## Supplied records
|---|

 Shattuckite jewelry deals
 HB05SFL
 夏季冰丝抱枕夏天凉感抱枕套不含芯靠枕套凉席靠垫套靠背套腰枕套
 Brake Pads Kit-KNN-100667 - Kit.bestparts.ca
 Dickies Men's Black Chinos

|---|

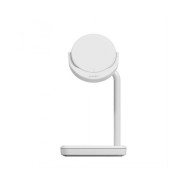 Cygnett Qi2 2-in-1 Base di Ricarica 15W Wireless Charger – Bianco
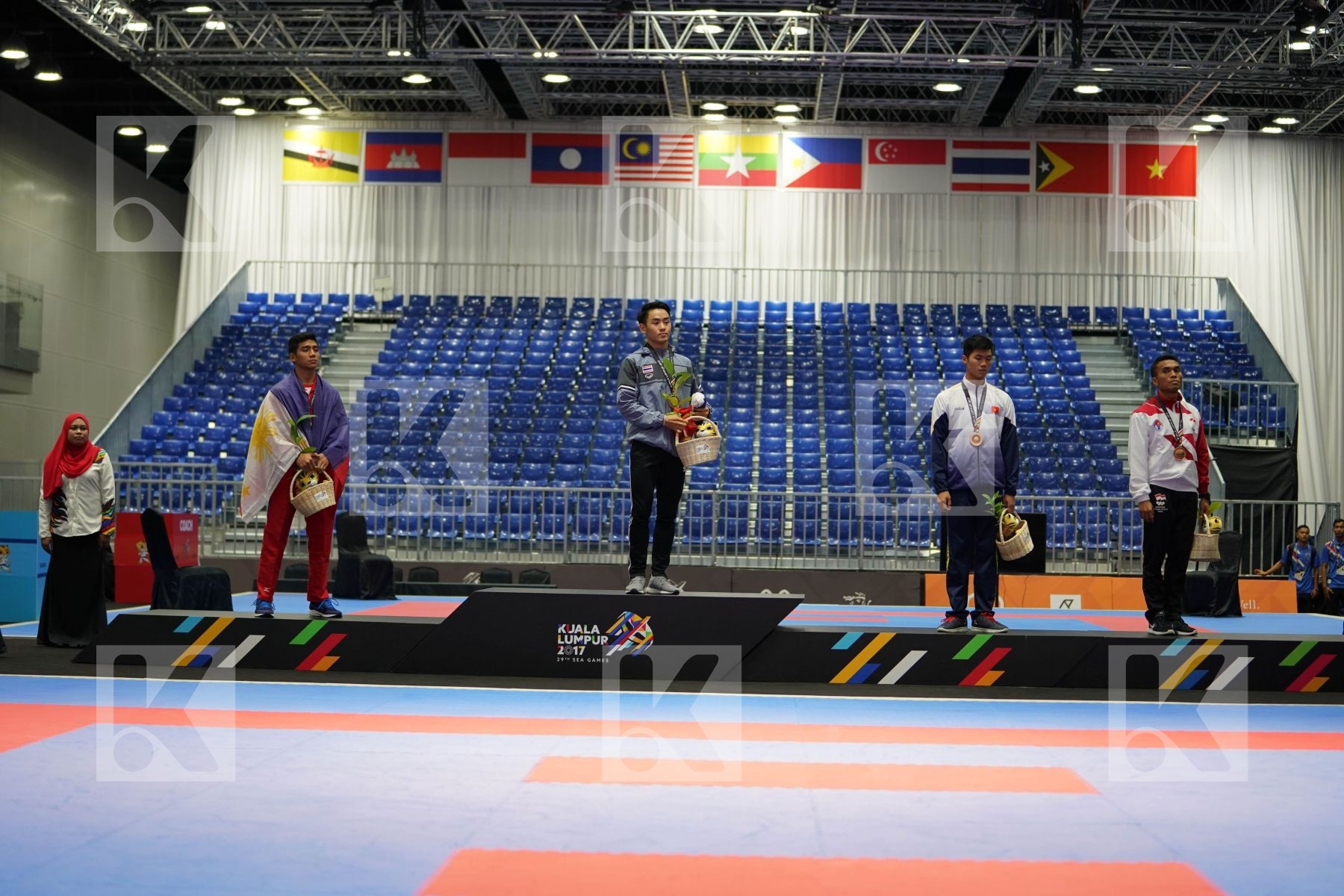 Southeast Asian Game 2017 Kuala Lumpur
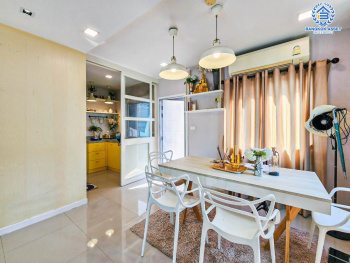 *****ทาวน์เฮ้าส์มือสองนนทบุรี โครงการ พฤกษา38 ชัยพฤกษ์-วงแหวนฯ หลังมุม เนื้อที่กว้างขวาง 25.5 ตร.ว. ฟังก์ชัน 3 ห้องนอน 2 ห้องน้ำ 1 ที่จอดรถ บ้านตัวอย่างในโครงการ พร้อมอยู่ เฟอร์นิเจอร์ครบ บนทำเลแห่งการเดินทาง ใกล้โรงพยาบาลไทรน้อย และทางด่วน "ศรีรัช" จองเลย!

|---|

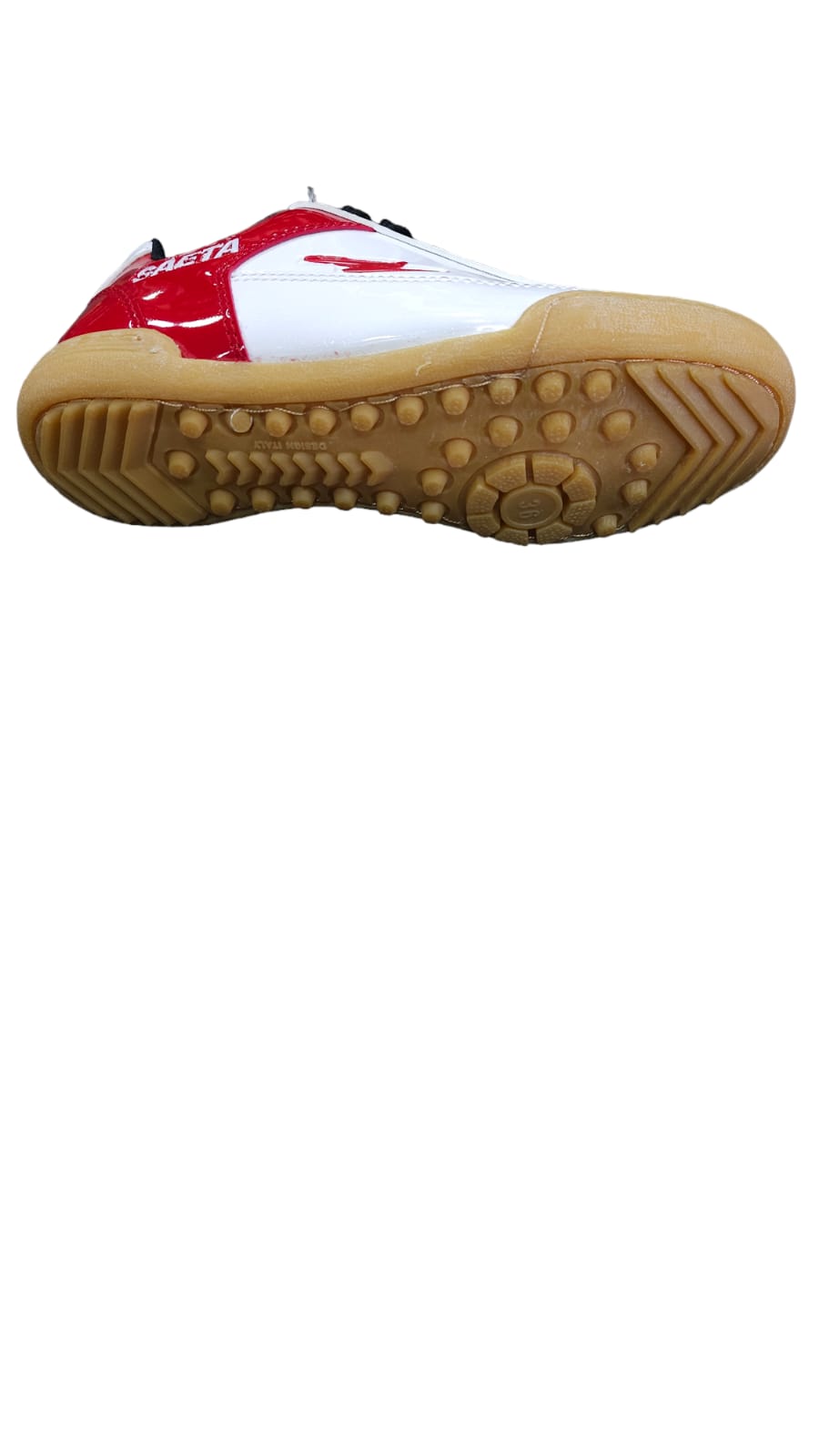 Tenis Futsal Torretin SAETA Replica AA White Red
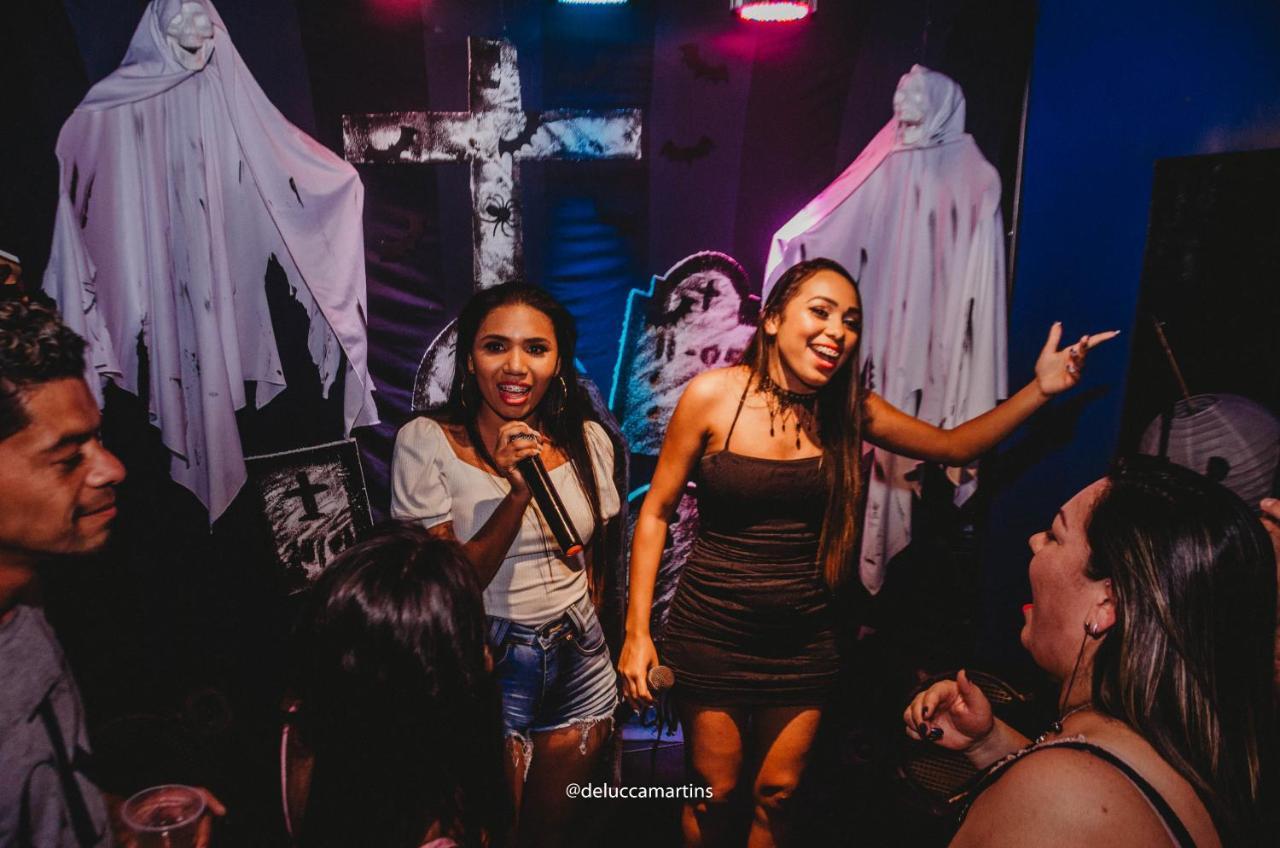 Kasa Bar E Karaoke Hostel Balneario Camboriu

|---|

Reproduce, word for word and in full, only the lines above that start at the line with "Brake Pads Kit-KNN-100667 - Kit.bestparts.ca" and run through the line with "Dickies Men's Black Chinos", both ends included.

## Result for this exercise
 Brake Pads Kit-KNN-100667 - Kit.bestparts.ca
 Dickies Men's Black Chinos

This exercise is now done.